Audio multiplexing


Figure 1. Ancillary data packet structure for the 4:2:2 525/59.94 format. Click here to see an enlarged diagram.

Audio and video data are captured and processed separately for delivery to the end user. Analog approaches require separate distribution media for audio and video. In a teleproduction studio, this is usually done by using two separate cables. In transmission to homes, separate carriers are used. The result is a frequency division multiplex (FDM). Digital video allows for a more efficient distribution on a single cable or carrier using the time division multiplex (TDM).

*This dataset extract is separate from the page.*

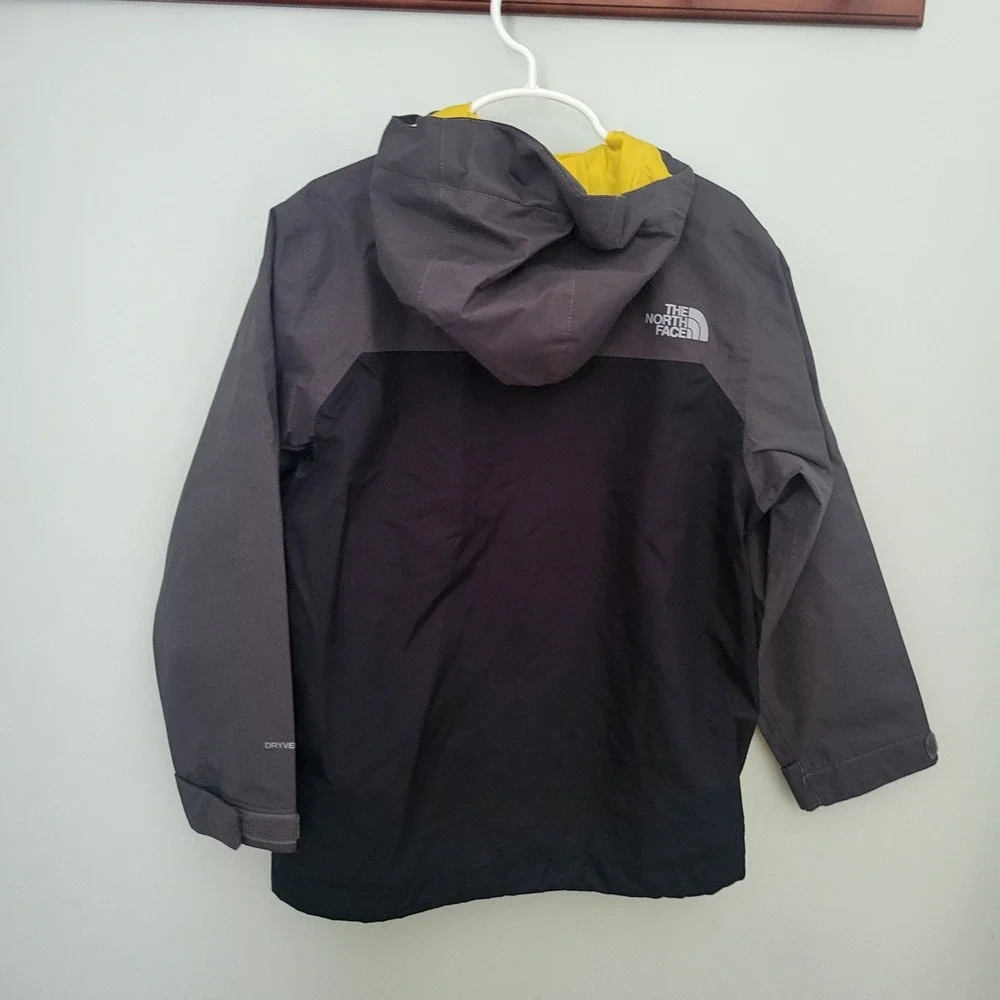 The North Face Boys XS 6 DryVent rain jacket grey, black yellow Full Zip Hooded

Figure 1 shows details of the 4:2:2 525/59.94 horizontal blanking structure. The component digital standards do not provide for the sampling of the analog sync pulses. Two timing reference signals (TRS) are multiplexed into the data stream on every line immediately preceding and following the active line data.

Of the 276 data words in the horizontal blanking interval, eight are reserved for the transmission of the TRS. Words 1440, 1441, 1442 and 1443 are used to transmit the end of active line (EAV) TRS message, and words 1712, 1713, 1714 and 1715 are used to transmit the start of active line (SAV) TRS message. Each TRS consists of a four-word sequence. Using a 10-bit hexadecimal notation, these words are represented as follows:

3FF 000 000 XYZ

Space for ancillary data

The first three words are a fixed preamble and unambiguously identify the SAV and EAV information. XYZ represents a variable word and defines the field identification, state of the vertical blanking and the state of horizontal blanking.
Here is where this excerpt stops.